> Data

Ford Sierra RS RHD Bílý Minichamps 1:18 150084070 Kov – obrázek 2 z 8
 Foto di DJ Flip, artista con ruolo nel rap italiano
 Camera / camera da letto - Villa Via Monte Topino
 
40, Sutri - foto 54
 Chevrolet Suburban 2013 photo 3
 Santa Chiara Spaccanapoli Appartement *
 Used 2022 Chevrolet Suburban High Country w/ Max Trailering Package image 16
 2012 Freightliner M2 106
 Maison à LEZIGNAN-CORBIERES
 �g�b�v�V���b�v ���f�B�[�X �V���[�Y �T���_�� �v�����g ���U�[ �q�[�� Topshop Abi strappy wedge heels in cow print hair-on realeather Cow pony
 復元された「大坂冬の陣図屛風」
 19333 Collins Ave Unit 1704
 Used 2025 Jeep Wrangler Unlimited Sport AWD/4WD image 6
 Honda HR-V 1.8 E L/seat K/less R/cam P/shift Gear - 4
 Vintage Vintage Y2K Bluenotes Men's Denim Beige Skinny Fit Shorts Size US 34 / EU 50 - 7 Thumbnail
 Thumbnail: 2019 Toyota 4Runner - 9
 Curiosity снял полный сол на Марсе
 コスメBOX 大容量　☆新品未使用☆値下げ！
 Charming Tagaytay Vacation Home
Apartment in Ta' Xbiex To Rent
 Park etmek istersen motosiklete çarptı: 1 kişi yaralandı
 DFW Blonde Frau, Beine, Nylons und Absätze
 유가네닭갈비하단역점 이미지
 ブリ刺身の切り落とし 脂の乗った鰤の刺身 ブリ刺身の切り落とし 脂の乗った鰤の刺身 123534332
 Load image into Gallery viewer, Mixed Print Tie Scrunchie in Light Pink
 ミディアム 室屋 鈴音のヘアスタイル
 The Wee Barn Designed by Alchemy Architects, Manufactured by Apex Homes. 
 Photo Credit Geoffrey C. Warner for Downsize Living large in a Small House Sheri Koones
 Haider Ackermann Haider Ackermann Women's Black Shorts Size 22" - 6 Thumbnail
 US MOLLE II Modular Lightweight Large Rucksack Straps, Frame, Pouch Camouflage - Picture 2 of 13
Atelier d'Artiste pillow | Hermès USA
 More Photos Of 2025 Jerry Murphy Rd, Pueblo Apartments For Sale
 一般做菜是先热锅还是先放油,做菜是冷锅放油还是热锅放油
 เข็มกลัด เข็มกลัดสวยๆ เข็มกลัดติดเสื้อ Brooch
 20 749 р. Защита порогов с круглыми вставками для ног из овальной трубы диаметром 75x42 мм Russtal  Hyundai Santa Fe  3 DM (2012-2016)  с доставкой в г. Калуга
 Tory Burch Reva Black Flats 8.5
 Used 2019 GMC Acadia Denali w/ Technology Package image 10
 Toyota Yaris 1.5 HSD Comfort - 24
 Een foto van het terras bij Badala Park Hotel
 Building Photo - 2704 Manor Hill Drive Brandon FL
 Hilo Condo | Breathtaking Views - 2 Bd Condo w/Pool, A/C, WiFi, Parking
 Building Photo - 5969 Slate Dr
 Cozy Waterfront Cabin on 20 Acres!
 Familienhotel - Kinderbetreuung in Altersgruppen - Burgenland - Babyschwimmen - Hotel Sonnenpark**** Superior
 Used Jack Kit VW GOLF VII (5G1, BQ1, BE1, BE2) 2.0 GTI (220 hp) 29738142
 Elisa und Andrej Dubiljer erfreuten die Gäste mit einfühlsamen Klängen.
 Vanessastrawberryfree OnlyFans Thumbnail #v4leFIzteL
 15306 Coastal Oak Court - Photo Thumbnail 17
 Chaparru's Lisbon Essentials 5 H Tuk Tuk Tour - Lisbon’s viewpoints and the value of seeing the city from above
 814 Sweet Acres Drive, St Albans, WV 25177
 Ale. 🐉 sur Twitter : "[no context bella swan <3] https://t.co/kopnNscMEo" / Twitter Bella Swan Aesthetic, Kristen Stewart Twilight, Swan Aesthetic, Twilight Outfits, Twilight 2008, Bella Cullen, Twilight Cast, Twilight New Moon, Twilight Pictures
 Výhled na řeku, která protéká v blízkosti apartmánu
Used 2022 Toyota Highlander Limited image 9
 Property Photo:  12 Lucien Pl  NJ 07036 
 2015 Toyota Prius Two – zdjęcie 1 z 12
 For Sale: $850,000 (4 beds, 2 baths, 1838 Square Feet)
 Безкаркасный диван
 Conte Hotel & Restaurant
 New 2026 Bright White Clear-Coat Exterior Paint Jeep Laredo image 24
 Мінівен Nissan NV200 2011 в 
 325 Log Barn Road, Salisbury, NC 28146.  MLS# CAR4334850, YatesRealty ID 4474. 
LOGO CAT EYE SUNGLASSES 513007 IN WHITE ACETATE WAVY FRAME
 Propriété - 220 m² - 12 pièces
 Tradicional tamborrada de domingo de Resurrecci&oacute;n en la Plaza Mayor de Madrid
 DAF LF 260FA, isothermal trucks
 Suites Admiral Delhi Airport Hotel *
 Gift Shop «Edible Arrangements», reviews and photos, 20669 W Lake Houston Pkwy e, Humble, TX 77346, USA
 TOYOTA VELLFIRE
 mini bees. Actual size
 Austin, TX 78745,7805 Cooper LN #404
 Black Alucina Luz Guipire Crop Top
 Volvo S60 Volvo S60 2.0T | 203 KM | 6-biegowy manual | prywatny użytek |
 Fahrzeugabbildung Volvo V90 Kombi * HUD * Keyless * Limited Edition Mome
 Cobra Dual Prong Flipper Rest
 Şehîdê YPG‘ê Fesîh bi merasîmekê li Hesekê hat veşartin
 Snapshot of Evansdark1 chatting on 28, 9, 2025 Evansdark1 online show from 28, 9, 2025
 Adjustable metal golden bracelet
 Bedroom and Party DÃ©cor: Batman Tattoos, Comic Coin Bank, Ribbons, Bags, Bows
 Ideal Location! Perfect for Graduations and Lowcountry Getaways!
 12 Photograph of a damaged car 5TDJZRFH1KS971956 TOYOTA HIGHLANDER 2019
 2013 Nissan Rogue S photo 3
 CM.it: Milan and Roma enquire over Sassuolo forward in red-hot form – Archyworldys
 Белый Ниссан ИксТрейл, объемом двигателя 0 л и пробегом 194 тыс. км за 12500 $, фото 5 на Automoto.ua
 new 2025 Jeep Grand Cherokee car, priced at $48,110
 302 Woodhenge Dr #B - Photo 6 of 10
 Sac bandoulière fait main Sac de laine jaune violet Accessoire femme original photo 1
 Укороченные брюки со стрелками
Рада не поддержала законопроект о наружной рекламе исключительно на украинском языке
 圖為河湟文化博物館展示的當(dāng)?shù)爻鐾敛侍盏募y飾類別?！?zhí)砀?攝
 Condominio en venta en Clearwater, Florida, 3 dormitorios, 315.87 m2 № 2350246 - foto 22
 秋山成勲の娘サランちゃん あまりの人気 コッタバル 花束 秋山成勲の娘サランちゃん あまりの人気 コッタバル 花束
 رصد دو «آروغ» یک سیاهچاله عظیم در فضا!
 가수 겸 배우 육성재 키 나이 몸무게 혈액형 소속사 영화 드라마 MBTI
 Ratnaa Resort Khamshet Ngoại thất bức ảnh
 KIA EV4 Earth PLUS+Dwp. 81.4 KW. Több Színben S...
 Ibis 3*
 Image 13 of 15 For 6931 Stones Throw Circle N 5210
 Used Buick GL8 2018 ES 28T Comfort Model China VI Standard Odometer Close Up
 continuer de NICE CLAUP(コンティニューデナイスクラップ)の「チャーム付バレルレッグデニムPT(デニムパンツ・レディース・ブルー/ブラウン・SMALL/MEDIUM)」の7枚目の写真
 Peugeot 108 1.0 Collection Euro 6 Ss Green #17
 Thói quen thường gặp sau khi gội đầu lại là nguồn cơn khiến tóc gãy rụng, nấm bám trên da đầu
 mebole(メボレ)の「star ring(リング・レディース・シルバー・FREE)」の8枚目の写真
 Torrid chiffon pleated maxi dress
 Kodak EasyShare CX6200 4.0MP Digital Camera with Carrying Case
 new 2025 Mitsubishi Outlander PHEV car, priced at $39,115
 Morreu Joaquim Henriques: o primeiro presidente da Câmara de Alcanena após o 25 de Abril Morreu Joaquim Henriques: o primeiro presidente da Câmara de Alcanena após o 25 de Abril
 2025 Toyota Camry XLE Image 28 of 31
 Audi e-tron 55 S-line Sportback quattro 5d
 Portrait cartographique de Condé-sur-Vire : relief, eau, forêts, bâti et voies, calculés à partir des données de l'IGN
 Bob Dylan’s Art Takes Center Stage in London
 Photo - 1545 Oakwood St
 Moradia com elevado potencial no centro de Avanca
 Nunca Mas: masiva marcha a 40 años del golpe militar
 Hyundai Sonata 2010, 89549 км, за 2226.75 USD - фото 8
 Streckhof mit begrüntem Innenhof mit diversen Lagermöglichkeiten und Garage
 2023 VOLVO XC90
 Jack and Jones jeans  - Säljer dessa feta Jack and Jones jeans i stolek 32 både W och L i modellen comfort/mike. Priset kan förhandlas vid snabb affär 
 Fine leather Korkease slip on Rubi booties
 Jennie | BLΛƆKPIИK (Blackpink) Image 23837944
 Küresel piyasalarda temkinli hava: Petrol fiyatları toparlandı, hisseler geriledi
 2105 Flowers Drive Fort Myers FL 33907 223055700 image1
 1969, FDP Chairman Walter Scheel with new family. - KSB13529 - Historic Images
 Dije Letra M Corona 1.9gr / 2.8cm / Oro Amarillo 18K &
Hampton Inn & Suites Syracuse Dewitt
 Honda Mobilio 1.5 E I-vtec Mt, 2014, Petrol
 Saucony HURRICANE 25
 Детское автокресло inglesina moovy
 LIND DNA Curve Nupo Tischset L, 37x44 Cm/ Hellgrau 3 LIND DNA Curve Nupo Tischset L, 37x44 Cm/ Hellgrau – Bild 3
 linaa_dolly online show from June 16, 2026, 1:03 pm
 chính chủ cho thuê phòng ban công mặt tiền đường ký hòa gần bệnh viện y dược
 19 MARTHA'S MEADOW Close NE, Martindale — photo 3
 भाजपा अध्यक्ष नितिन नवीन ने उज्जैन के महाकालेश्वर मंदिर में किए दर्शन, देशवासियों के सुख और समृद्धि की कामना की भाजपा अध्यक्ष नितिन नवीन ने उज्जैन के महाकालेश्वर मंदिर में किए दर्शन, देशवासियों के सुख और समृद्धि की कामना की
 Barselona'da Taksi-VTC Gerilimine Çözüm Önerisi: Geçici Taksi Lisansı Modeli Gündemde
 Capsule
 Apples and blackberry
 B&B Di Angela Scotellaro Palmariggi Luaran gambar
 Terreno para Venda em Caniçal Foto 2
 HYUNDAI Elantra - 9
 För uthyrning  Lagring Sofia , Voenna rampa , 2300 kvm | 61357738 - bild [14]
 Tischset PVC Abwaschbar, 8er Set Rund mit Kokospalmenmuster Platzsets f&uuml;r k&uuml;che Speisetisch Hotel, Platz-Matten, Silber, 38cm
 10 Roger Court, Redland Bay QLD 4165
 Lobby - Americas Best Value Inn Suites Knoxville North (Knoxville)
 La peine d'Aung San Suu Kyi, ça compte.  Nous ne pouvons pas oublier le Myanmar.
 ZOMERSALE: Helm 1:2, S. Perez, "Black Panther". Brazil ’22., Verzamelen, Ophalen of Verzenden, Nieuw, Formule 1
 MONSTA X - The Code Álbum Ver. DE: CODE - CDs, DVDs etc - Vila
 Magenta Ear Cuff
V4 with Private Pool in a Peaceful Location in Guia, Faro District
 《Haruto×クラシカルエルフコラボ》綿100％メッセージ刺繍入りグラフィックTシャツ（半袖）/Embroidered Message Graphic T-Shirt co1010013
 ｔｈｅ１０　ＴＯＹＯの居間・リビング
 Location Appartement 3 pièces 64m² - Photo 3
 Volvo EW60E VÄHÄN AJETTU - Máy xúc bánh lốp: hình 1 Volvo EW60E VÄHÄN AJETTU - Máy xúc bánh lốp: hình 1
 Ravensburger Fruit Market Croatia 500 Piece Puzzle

> Task description
In the listing above, locate the line containing "Honda Mobilio 1.5 E I-vtec Mt, 2014, Petrol" and the line containing "linaa_dolly online show". Transcribe those two lines and everything between them, exactly as written.

> Your solution
 Honda Mobilio 1.5 E I-vtec Mt, 2014, Petrol
 Saucony HURRICANE 25
 Детское автокресло inglesina moovy
 LIND DNA Curve Nupo Tischset L, 37x44 Cm/ Hellgrau 3 LIND DNA Curve Nupo Tischset L, 37x44 Cm/ Hellgrau – Bild 3
 linaa_dolly online show from June 16, 2026, 1:03 pm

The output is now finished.